As if CISOs didn't have enough to worry about already, now we are hearing they should be seriously considering acquiring the skills they need to become the chief information risk officer.
Few organizations today have a CIRO, but if the scuttlebutt at the recently concluded RSA Conference is to be believed, they will soon, and CISOs are the logical choices to fill that role. It's reasonable to question whether another C-level executive is really needed, Bradley Schaufenbuel, director of information security for Midland States Bancorp, suggested at the conference.
"There's no reason the existing CISO can't be elevated into the CIRO position," Schaufenbuel said. In other words, the CISO position would no longer exist and would instead morph into the CIRO.
There's a lot of business justification for this evolution, but make no mistake, CISOs have work to do if they want to be in that CIRO role when the dust settles. While the nature of business risk has been changing quickly, the consensus among those who addressed the topic at RSAC is that CISOs have grown myopic in their approaches to information security.
"CISOs spend too much money on technical controls that produce lower levels of exposure," said Schaufenbuel. "So companies are not getting their money's worth."
The way Schaufenbuel sees it, CISOs have fallen short in a couple of key ways. For one, they've focused too much on protecting information and not enough on more foundational priorities such as improving the quality of information — and thus reducing its inherent risk. More importantly, while they've evolved beyond the traditional perimeter defense mentality, CISOs still tend to pay much more attention to the potential risk of IT systems rather than that of information.

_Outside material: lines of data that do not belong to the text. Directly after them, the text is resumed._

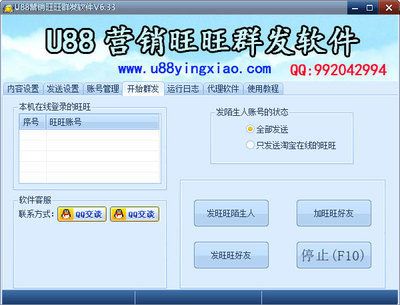 U88營(yíng)銷旺旺群發(fā)軟件6.33下載 - 系統(tǒng)之家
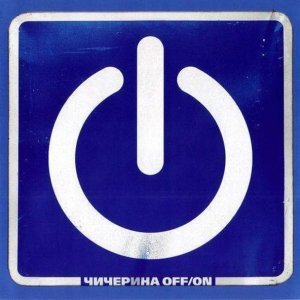 Обложка: Чичерина - Была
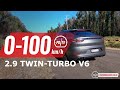 2020 Porsche Cayenne S Coupe 0-100km/h & engine sound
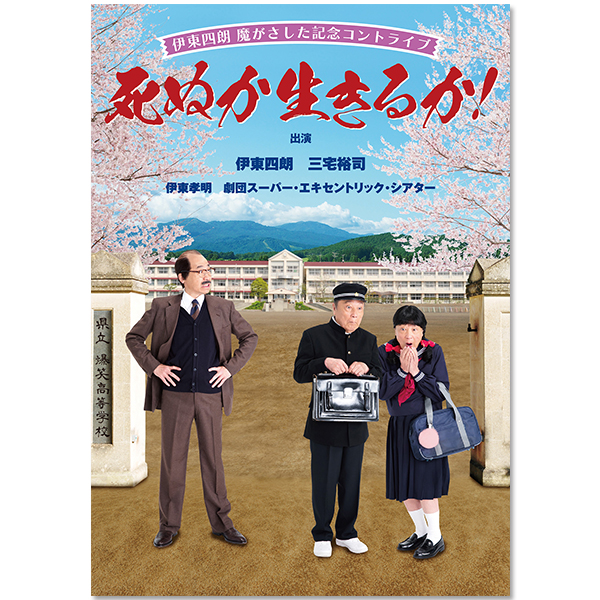 DVD『熱海五郎一座 新橋演舞場シリーズ第6弾 東京喜劇 「翔べない
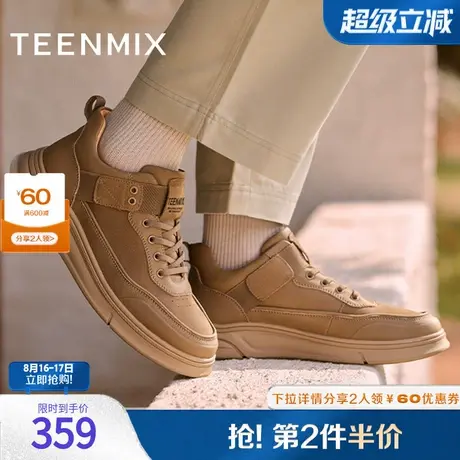 天美意男鞋复古户外工装鞋男休闲鞋2024冬C2V43DD4商品大图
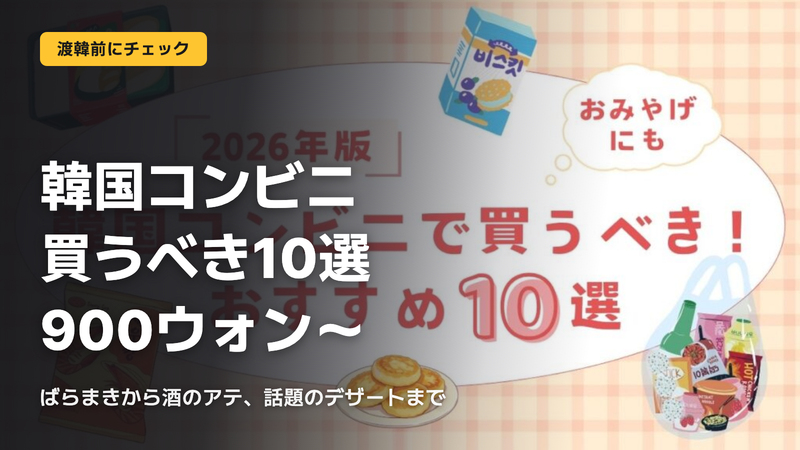 韓国コンビニ、買うべき10選は900ウォンから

"CISOs forget that risk resides outside of the company's data center," Schaufenbuel said.
And it's not just their protection strategies that need to be updated, either. CISOs also need to brush up on their business and communication skills if they want to build on their corporate profile, not to mention preserve their budgets. One example: They need to understand that a company's security profile at any given moment doesn't mean much to the people making the decisions.
"We're not explaining the value back to the business," Alex Hutton, VP of information security for a "systemically important financial institution," said during a panel discussion on the maturity level of today's information security industry. "You have to show that you're securing, not that you're secure."
In other words, it's critical that CISOs make it clear to the business just how important security is from moment to moment, and that protecting applications and data isn't that's achieved; it's happening all the time.
"Everything we do should be tied back to the magnitude of loss to an organization," said co-panelist Jack Jones, president of risk-analysis software maker CXOWare. "If we want to articulate the value to the people who are throwing money at us, we need to do that."
Of course, if they want to become CIROs, CISOs also have to master a little concept called "risk." Jones, who spent several years as a CISO for companies like Nationwide Insurance and Huntington Bank, says there's a generally poor understanding of risk in information security circles. In fact, he said he estimates that during his time as a CISO, at least 70 percent of his employees would completely rethink their risk assessments as soon as he questioned them.
"If we can't be accurate in assessing risk, then clearly we have some growing up to do," he said.